--- Input data Enclosed Below ---

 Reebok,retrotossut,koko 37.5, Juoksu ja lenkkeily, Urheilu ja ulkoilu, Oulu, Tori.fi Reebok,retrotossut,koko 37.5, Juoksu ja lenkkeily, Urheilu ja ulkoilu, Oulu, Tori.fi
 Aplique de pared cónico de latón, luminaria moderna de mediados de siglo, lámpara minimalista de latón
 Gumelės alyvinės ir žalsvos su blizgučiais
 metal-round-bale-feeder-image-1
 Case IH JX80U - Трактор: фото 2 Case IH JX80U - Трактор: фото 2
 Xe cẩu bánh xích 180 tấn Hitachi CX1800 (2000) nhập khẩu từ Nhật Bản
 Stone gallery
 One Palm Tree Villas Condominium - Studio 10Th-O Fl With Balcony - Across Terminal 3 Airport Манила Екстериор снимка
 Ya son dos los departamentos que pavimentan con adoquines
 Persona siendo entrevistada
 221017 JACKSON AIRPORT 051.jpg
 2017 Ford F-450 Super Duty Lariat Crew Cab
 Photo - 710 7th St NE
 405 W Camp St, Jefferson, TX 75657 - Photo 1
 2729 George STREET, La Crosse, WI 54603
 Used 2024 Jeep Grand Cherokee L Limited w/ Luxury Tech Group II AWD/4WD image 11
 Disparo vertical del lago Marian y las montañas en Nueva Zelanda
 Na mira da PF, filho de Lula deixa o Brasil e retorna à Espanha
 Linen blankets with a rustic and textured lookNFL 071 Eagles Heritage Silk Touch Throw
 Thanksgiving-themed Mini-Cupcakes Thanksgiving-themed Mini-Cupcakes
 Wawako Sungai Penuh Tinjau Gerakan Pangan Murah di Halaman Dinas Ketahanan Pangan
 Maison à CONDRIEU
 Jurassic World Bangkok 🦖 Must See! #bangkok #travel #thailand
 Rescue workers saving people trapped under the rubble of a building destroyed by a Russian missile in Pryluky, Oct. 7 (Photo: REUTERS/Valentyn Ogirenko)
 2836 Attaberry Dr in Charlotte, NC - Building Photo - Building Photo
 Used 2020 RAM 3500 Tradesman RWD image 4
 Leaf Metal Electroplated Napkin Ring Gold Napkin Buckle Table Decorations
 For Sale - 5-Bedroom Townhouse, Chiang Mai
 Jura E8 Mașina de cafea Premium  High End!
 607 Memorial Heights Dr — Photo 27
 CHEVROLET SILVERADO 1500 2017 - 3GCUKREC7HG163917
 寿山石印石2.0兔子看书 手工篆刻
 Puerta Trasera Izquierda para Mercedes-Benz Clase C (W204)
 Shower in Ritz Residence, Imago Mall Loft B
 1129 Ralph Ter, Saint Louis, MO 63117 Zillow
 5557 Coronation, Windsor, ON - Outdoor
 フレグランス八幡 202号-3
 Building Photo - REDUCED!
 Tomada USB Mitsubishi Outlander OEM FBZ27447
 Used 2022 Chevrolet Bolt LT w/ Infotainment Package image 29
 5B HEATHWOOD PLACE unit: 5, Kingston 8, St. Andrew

--- End of Enclosed Input data ---

__Exercise__: Each line of the data above should appear again in your answer, exactly as given.

__Response box__:
 Reebok,retrotossut,koko 37.5, Juoksu ja lenkkeily, Urheilu ja ulkoilu, Oulu, Tori.fi Reebok,retrotossut,koko 37.5, Juoksu ja lenkkeily, Urheilu ja ulkoilu, Oulu, Tori.fi
 Aplique de pared cónico de latón, luminaria moderna de mediados de siglo, lámpara minimalista de latón
 Gumelės alyvinės ir žalsvos su blizgučiais
 metal-round-bale-feeder-image-1
 Case IH JX80U - Трактор: фото 2 Case IH JX80U - Трактор: фото 2
 Xe cẩu bánh xích 180 tấn Hitachi CX1800 (2000) nhập khẩu từ Nhật Bản
 Stone gallery
 One Palm Tree Villas Condominium - Studio 10Th-O Fl With Balcony - Across Terminal 3 Airport Манила Екстериор снимка
 Ya son dos los departamentos que pavimentan con adoquines
 Persona siendo entrevistada
 221017 JACKSON AIRPORT 051.jpg
 2017 Ford F-450 Super Duty Lariat Crew Cab
 Photo - 710 7th St NE
 405 W Camp St, Jefferson, TX 75657 - Photo 1
 2729 George STREET, La Crosse, WI 54603
 Used 2024 Jeep Grand Cherokee L Limited w/ Luxury Tech Group II AWD/4WD image 11
 Disparo vertical del lago Marian y las montañas en Nueva Zelanda
 Na mira da PF, filho de Lula deixa o Brasil e retorna à Espanha
 Linen blankets with a rustic and textured lookNFL 071 Eagles Heritage Silk Touch Throw
 Thanksgiving-themed Mini-Cupcakes Thanksgiving-themed Mini-Cupcakes
 Wawako Sungai Penuh Tinjau Gerakan Pangan Murah di Halaman Dinas Ketahanan Pangan
 Maison à CONDRIEU
 Jurassic World Bangkok 🦖 Must See! #bangkok #travel #thailand
 Rescue workers saving people trapped under the rubble of a building destroyed by a Russian missile in Pryluky, Oct. 7 (Photo: REUTERS/Valentyn Ogirenko)
 2836 Attaberry Dr in Charlotte, NC - Building Photo - Building Photo
 Used 2020 RAM 3500 Tradesman RWD image 4
 Leaf Metal Electroplated Napkin Ring Gold Napkin Buckle Table Decorations
 For Sale - 5-Bedroom Townhouse, Chiang Mai
 Jura E8 Mașina de cafea Premium  High End!
 607 Memorial Heights Dr — Photo 27
 CHEVROLET SILVERADO 1500 2017 - 3GCUKREC7HG163917
 寿山石印石2.0兔子看书 手工篆刻
 Puerta Trasera Izquierda para Mercedes-Benz Clase C (W204)
 Shower in Ritz Residence, Imago Mall Loft B
 1129 Ralph Ter, Saint Louis, MO 63117 Zillow
 5557 Coronation, Windsor, ON - Outdoor
 フレグランス八幡 202号-3
 Building Photo - REDUCED!
 Tomada USB Mitsubishi Outlander OEM FBZ27447
 Used 2022 Chevrolet Bolt LT w/ Infotainment Package image 29
 5B HEATHWOOD PLACE unit: 5, Kingston 8, St. Andrew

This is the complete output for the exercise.